Les tickets étaient alors de couleur rose ou jaunâtre selon leur type. Les tarifs et couleurs n’ont cessé d’évoluer au fil du temps, une évolution qui « n’est que le reflet de l’évolution des modes de transport et donc du mode de vie des Parisiens » pour ce passionné. Et pour cause : la première augmentation tarifaire intervient 19 ans plus tard, après la fin de la guerre. L’année 1930 voit la création d’un quatrième tarif. Nous sommes dans l’entre-deux-guerres, et les anciens combattants obtiennent un tarif réduit auprès de la Compagnie du chemin de fer métropolitain de Paris (CMP), ancêtre de la RATP. Une création purement contextuelle donc, tout comme la suivante en 1941, avec la création de la « carte hebdomadaire de travail ». En pleine occupation, les restrictions qui accablent la capitale laissent peu de choix aux Parisiens pour se déplacer et le métro devient la solution préférentielle.

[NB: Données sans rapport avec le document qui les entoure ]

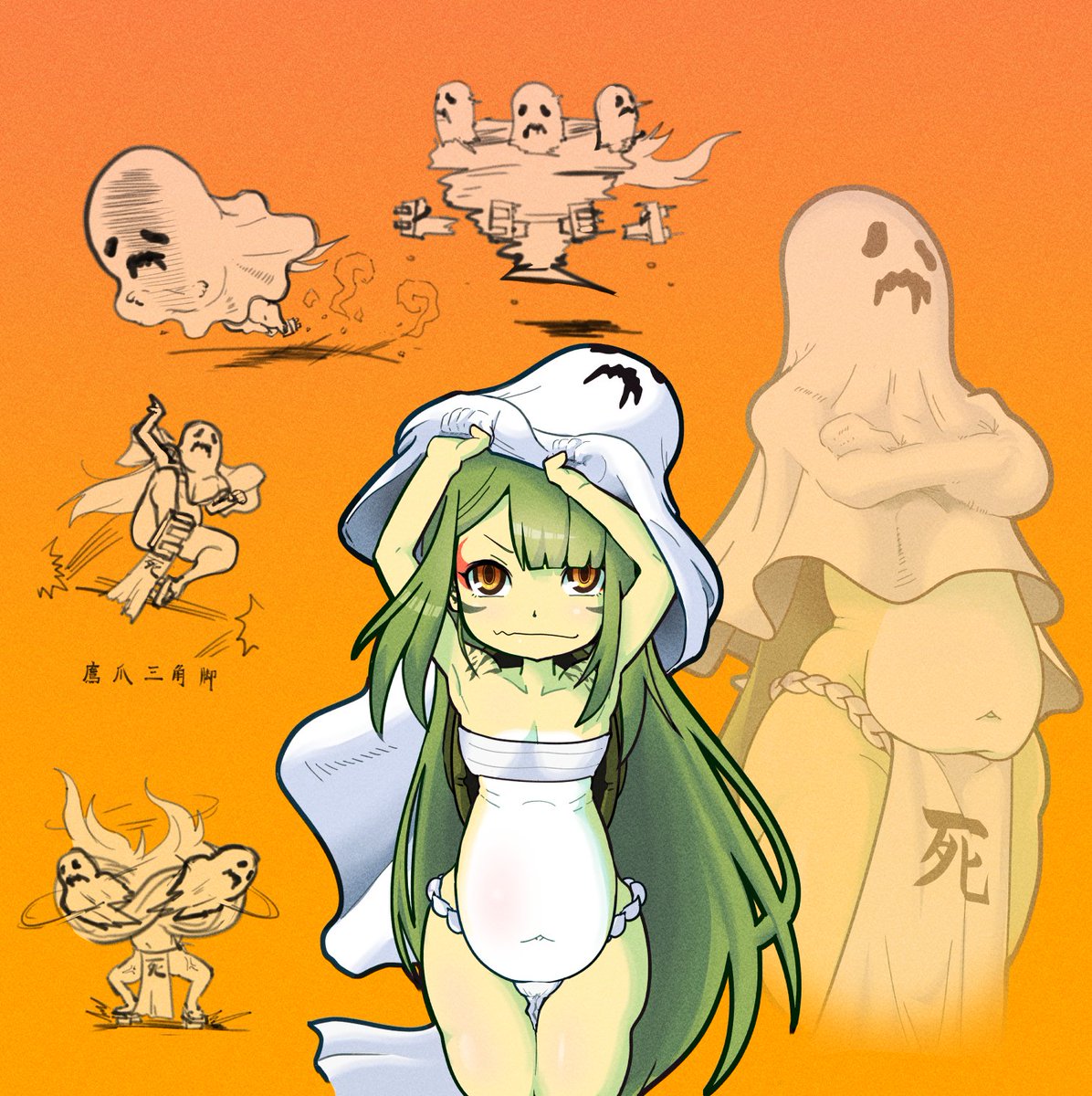 できた　ハロウィン絵🎃
浮遊感の演出にこだわるかっぱちゃん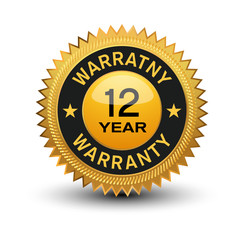 Top quality golden 12 year warranty banner, sticker, tag, icon, stamp, label, sign, isolated on white background.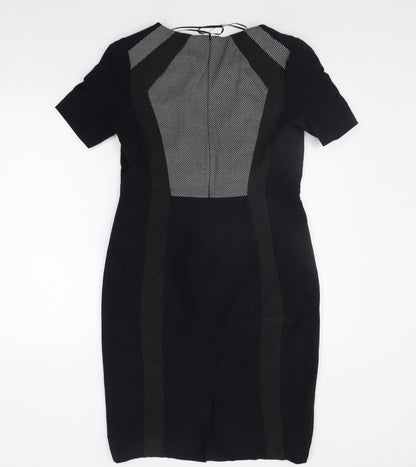 Marks and Spencer Womens Black Geometric  A-Line  Size 12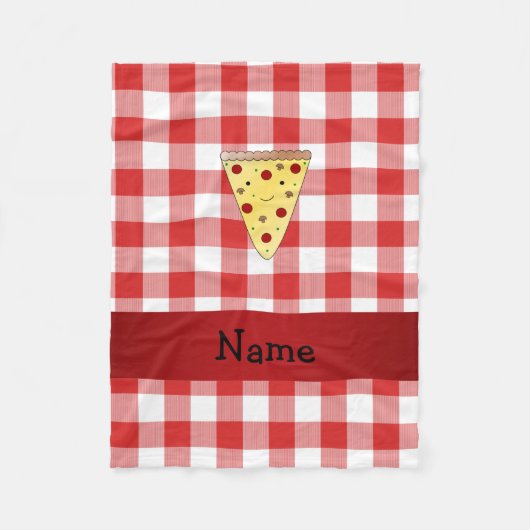 Personalisierter Name niedliche Pizzeria rot Fleecedecke (Vorderseite)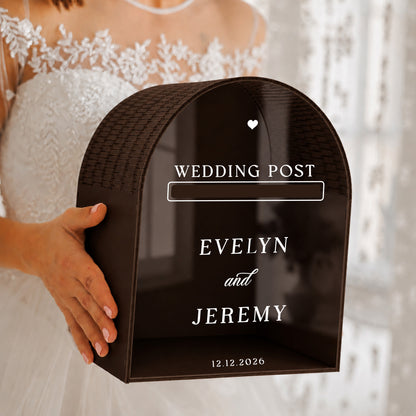 Wedding Post Box | Ivory Arched Mailbox Card Box | Personalized Names & Date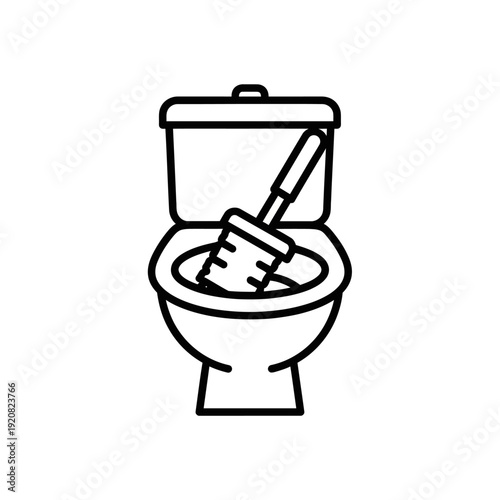 Creative Illustration of a Toilet with Brush in a Modern Bathroom Setting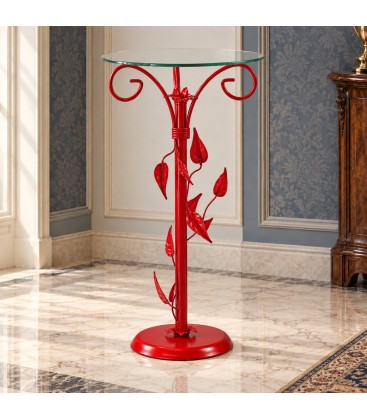 Tavolino da salotto Alto Ferro Battuto Foglie - Rosso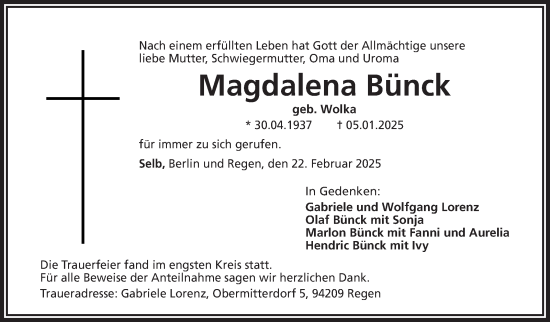 Traueranzeige von Magdalena Bünck von Frankenpost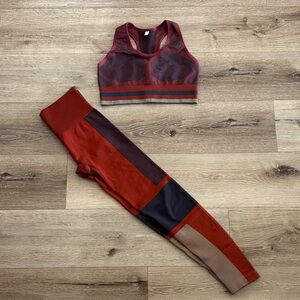Target JoyLab Colorblock Seamless Workout Set in Small - Rust & Burgundy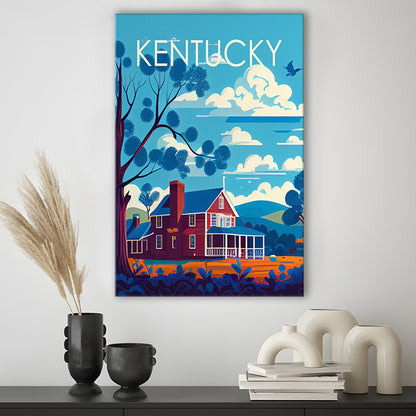 Kentucky Retro Art Print, Kentucky City Wall Art, Canvas Print, Painting Canvas, Living Room Decor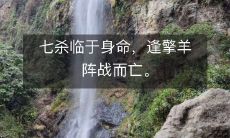 七杀临于身命，逢擎羊阵战而亡。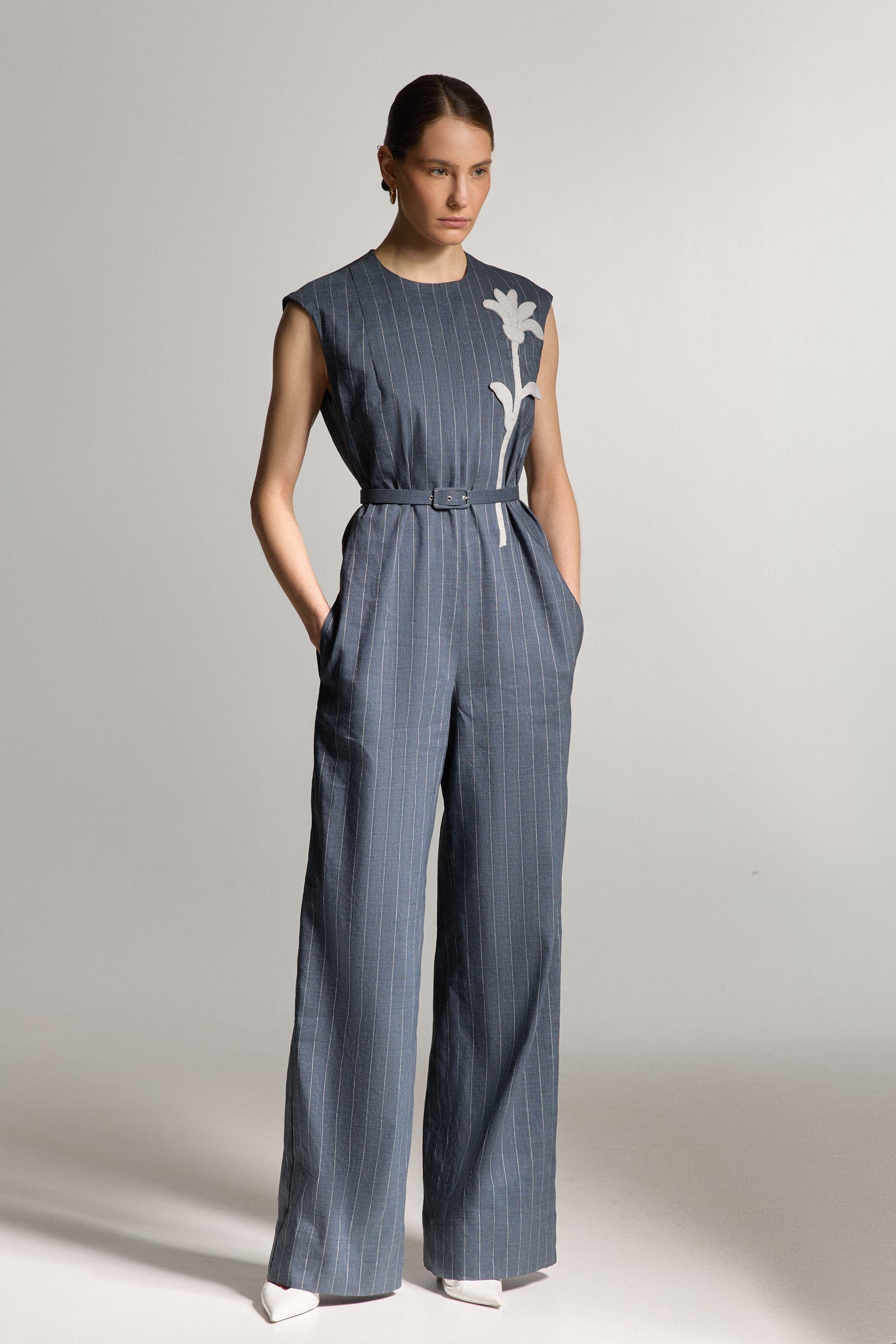 Лляний синій комбінезон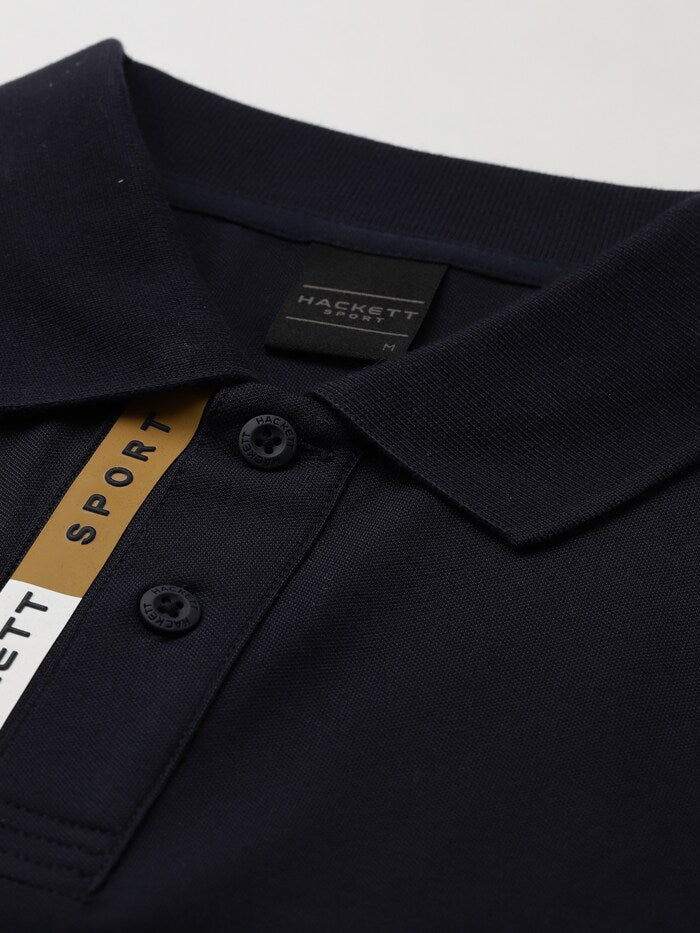 HACKETT Sporty Elegance Cotton Blend Polo in Midnight Blue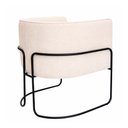 Ver imagem 5 de Kit 2 Poltronas Mono Base Aço Preto Bouclé Off White - Sallar Home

Il connaît d’ailleurs une fréquentation record cette année-là, proche du milliard et demi de voyageurs.

 

Puis, en 1948, en pleine période de baby-boom, un nouveau ticket à tarif réduit est créé pour les familles nombreuses. Au fil du temps, l’offre s’étend. En 1975 est créée la « carte orange », une révolution du transport parisien. Une révolution sociale également pour Grégoire Thonnat : « l’idée c’est d’offrir sur une durée limitée, à un prix forfaitaire, un usage illimité ». Une carte synonyme de « liberté de mobilité, vendue à des gens qui n’en avaient pas forcément un besoin quotidien ».

Un attachement irrationnel

Cette révolution sociale s’est ancrée dans la « carte orange », un support auquel les usagers se sont véritablement attachés. La carte a disparu il y a quelques années seulement, et continuait d’être préférée au pass Navigo par une partie des voyageurs.

Un attachement qui peut sembler irrationnel, mais que le spécialiste comprend : « le ticket de métro, c’est une des icônes de l’imagerie parisienne ». Chanteurs, comme Gainsbourg et Piaf, peintres, historiens, mais aussi cinéastes ont fait de ce simple bout de carton un symbole de la capitale. « On retrouve partout des références au métro parisien, à son odeur, à son ticket. Dans les dialogues d’Audiard, ou dans le film Le salaire de la peur de 1953, où la scène finale montre la main ensanglantée d’Yves Montand qui s’ouvre sur son porte bonheur : un ticket du métro Pigalle. »

Et l’engouement autour de cette icône a fait des émules : Pablo Picasso était lui-même un collectionneur de tickets de métro, un « ésithériophile ». L’image du ticket qui restera la plus emblématique reste celle de la campagne publicitaire « Ticket chic, ticket choc » de la RATP en 1981. Le ticket jaune à bandes marron est resté dans les mémoires. Et il n’est aujourd’hui qu’un lointain souvenir pour qui l’a connu, comme le seront probablement les tickets d’aujourd’hui pour les parisiens de demain.